Первое, что вижу, – тело нашего парторга, Ивана Мироновича Коробова. Он лежит, скрючившись, на боку. Ему всегда было холодно, он и сейчас в своей заскорузлой телогрейке. Наклоняюсь над ним. Из телогрейки на спине торчат клочья набухающей кровью ваты. В него легко было попасть, когда, встав в рост, он кидал гранаты. Тягучий стон, колени подтягиваются к подбородку. Наверняка раны смертельные. Но если и нет, мне надо вперед. Сейчас все решают секунды.
В неглубоких, соединенных между собою окопах торчат стволы минометов, копошатся люди. Треск автоматной очереди навстречу.
– Лейтенант, ложись!
Это Иван Сочка. В яму летят одна, вторая граната. Я тоже бросаю. Гранаты рвутся одна за другой, а через несколько секунд оглушительно грохочут сдетонировавшие мины. Вверх взлетают шматки чего-то красного с серым, минометный ствол, камни, комья земли. По ушам бьет словно мощной ладонью. Вскакиваем вместе с малышом Сочкой. Два уцелевших минометчика переползают через бруствер. Стреляем одновременно. Пули рвут добротное сукно мышиного цвета. Один минометчик остается на бруствере, второй сползает вниз.

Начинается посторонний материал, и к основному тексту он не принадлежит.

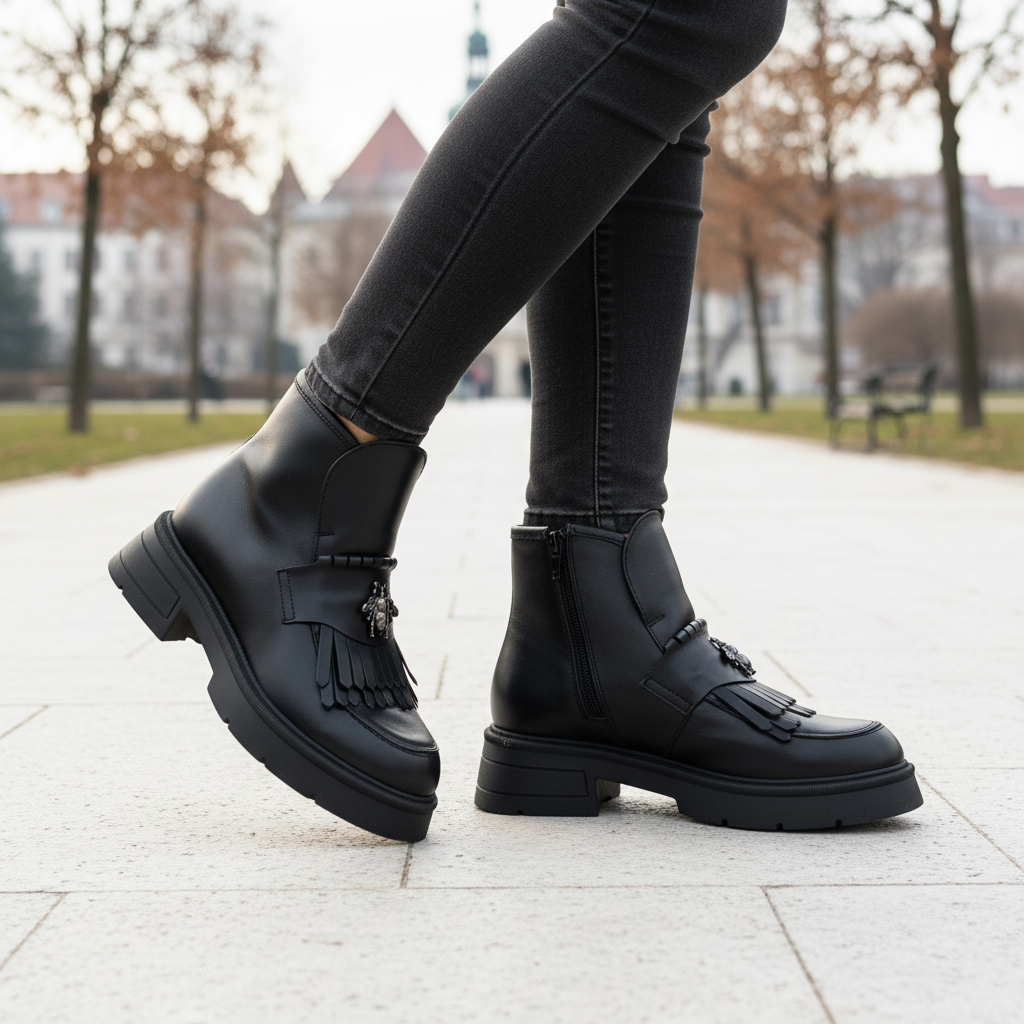 Ghete Dama din Piele Naturala, Culoare negru, Cod 743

Пробегая мимо, бью очередью в копошащихся оглушенных минометчиков. Кажется, их трое. Словно из-под земли выныривает немец. Он стреляет куда-то мимо, но, замечая меня боковым зрением, начинает разворачивать короткий ствол в мою сторону. Почему-то медленно. И я, как ватный, также медленно навожу ствол ППШ на него. Движения не успевают за отчаянным немым криком: «Быстрее! Вот она, смерть!» Я нажимаю на спуск и не слышу выстрелов, хотя сквозь дырки кожуха выбивается пламя длинной очереди.
Немец продолжает доворачивать ствол прямо мне в лицо. В него попало с десяток пуль, он мертв, но хочет в последнюю секунду прихватить и меня с собой. Снова давлю на спуск. Пули вышибают автомат из рук немца, а затем он сам валится на подламывающихся ногах. Вперед! Стреляю почти в упор в пулеметчика, перебрасывающего свой МГ-42 в нашу сторону. Мимо! В диске, наверное, еще есть патроны, но я почему-то прыгаю на пулеметчика, больше надеясь на свои руки. Меня опережает очередь сзади, которая попадает немцу в лицо.
Я никак не могу подняться с мертвого тела без лица, руки скользят в крови. Встаю с помощью Джабраилова. Тимур сует мне автомат. Кидаемся в кучу-малу, сбившуюся в один орущий, перекатывающийся клубок. Мелькают приклады винтовок, автоматов, саперные лопатки, раздаются крики на нескольких языках, мат, редкие очереди и выстрелы. Вот она, рукопашка! Из кучи вываливается солдат, кажется, из третьего взвода. Его догоняет немец и втыкает в спину штык-нож. Джабраилов, взвыв на своем татарском, бьет немца с маху прикладом под каску, перехватив автомат за ствол. От удара отлетает диск, от второго – переламывается ложе. Немец падает на истоптанную землю.
Джабраилов врезается в толпу, размахивая, как дубинкой, автоматом с обломком приклада. По земле катаются мой боец со странной фамилией Фролик и немец. Оба крепкие, молодые, что-то орут. Выбрав момент, я бью затыльником приклада немца в лицо и тут же получаю ответный удар прикладом от другого фрица. Успеваю подставить ППШ, который смягчает удар кованого приклада, но мой собственный автомат влипает в челюсть, и я падаю на спину. Немец меня бы добил, но на него прыгает кто-то из подоспевших тыловиков. Их легко узнать по новым, не штопаным и не выгоревшим, как у нас, гимнастеркам. Немец опытный. Мгновенно передергивает затвор карабина и стреляет в упор.